(Stored entries)
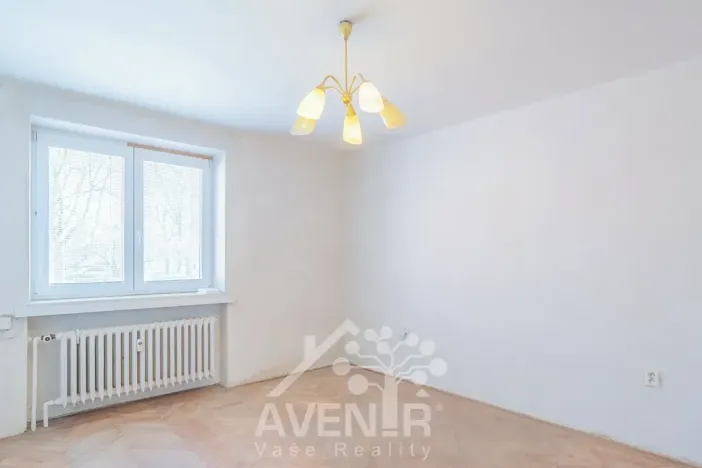 Prodej bytu 3+1, Holešov, U Letiště, 68 m2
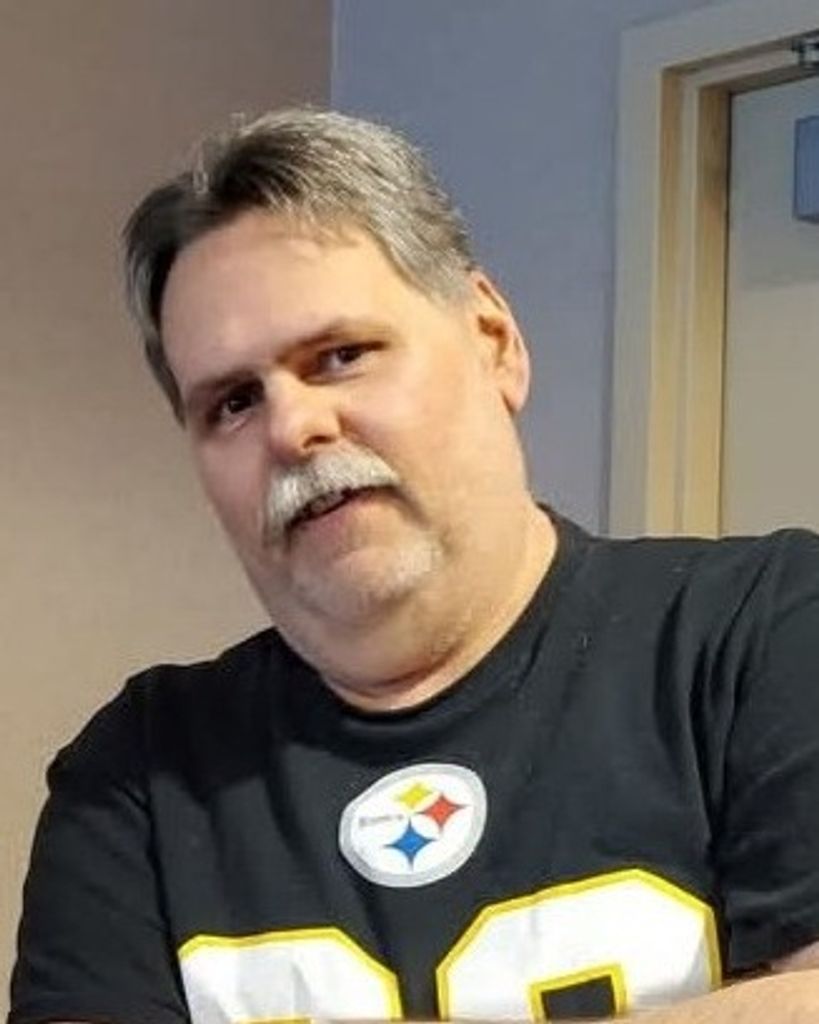 David Michael Haynes Profile Photo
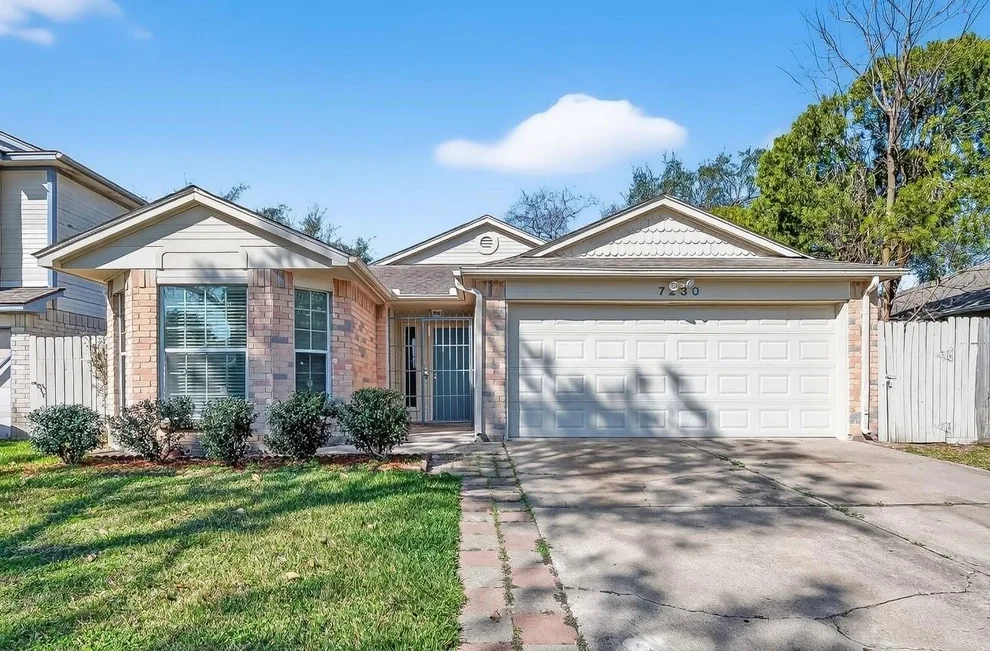 Unit for sale at 7230 Cabrina Lane, Houston, TX 77083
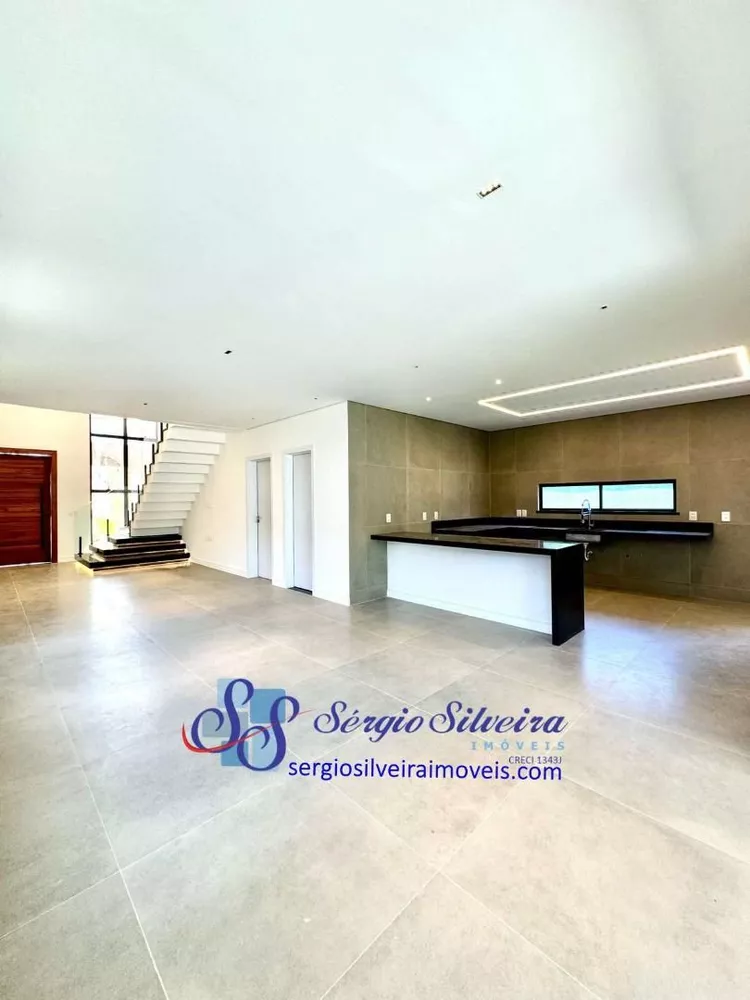 Casa de Condomínio, 4 quartos - Foto 7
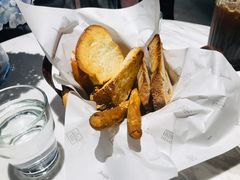 -乔泰勒JOETYLER西餐厅(曲江店)
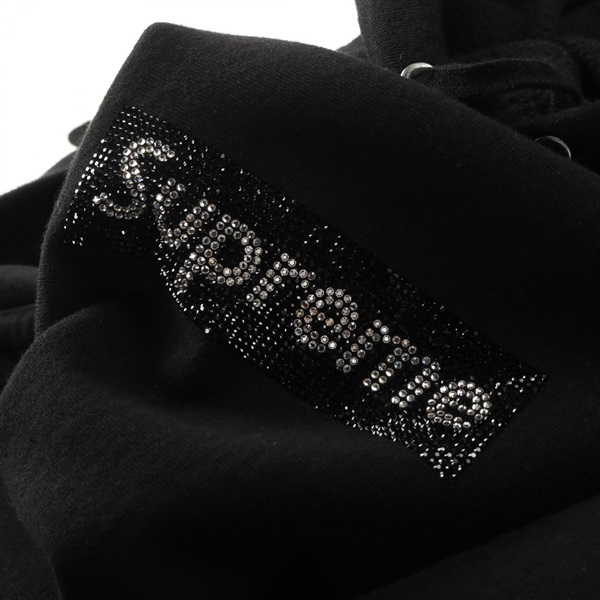 Supreme シュプリーム/パーカー/RN101837/CA38135/ABランク/21【中古】 Supreme（シュプリーム） 送料無料 Supureme メンズ パーカー ロゴ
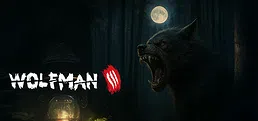 WOLFMAN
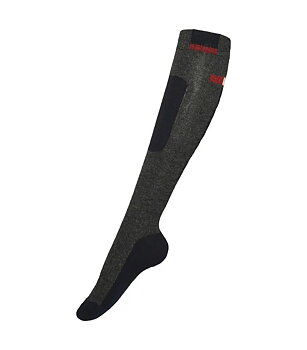 Kingsland Suvan Unisex woolmix knee socks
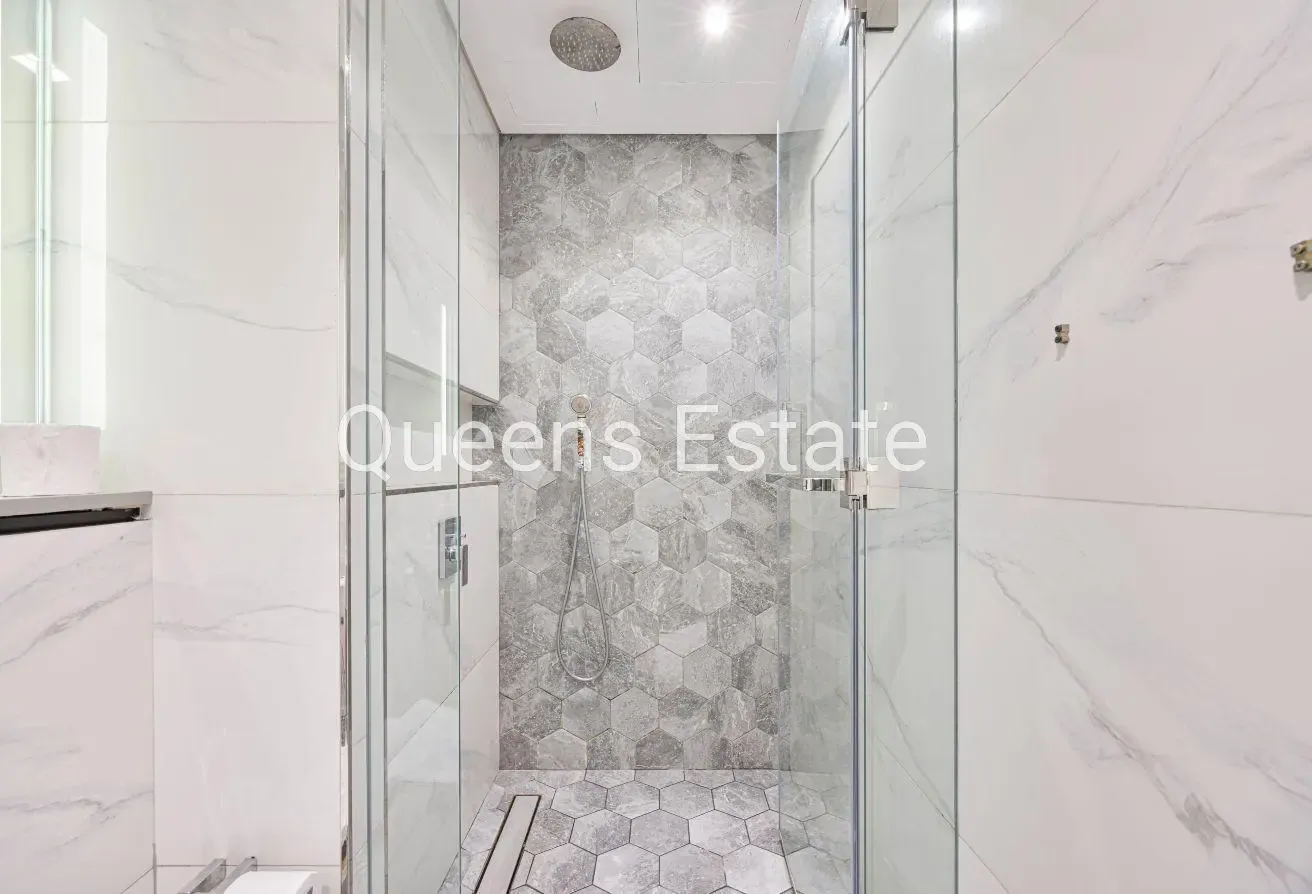 Fully Furnished Studio at MAG 318, Business Bay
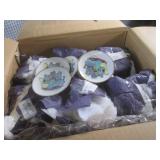 (BS) Box Full of Mini Norman Rockwe...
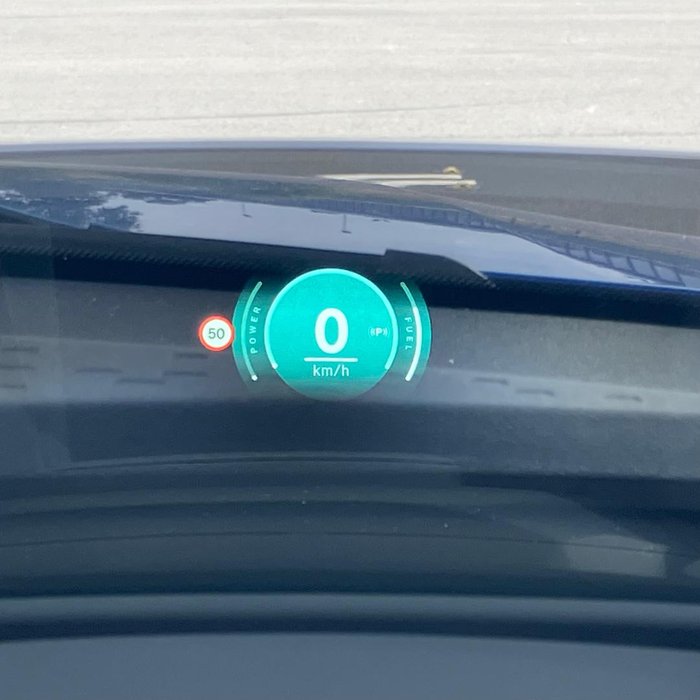 2025 MINI Countryman C Favoured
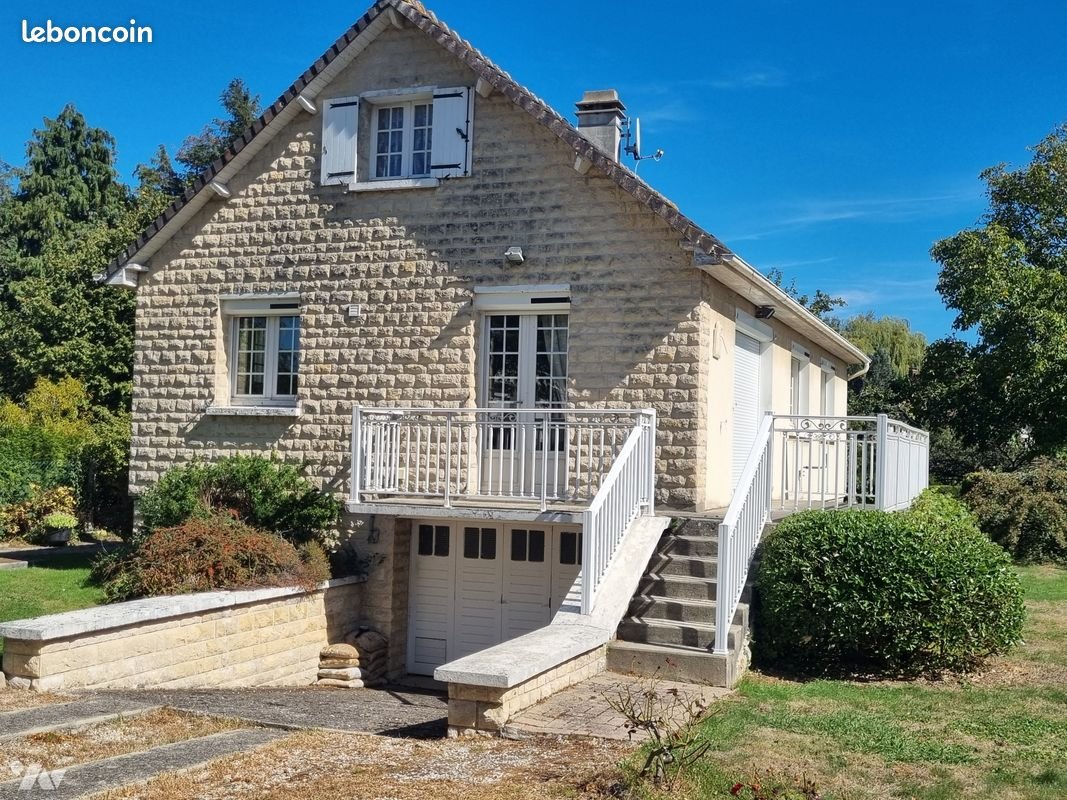 Maison à vendre, 103m², Mathieu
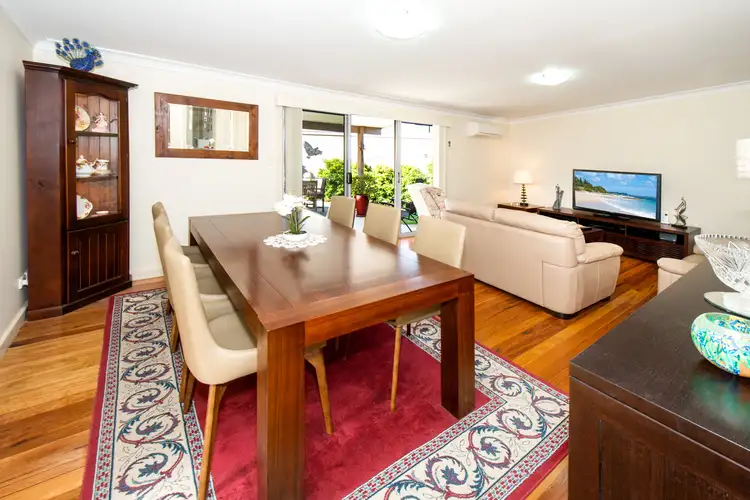 Second view of Homely house listing, 36 Dampier Street, Chifley NSW 2036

EXERCISE INSTRUCTIONS: Here the job is to print all the entries above exactly, minus the images.

EXPECTED ANSWER:
 Prodej bytu 3+1, Holešov, U Letiště, 68 m2
 David Michael Haynes Profile Photo
 Unit for sale at 7230 Cabrina Lane, Houston, TX 77083
 Casa de Condomínio, 4 quartos - Foto 7
 -乔泰勒JOETYLER西餐厅(曲江店)
 Supreme シュプリーム/パーカー/RN101837/CA38135/ABランク/21【中古】 Supreme（シュプリーム） 送料無料 Supureme メンズ パーカー ロゴ
 WOLFMAN
 Kingsland Suvan Unisex woolmix knee socks
 Fully Furnished Studio at MAG 318, Business Bay
 (BS) Box Full of Mini Norman Rockwe...
 2025 MINI Countryman C Favoured
 Maison à vendre, 103m², Mathieu
 Second view of Homely house listing, 36 Dampier Street, Chifley NSW 2036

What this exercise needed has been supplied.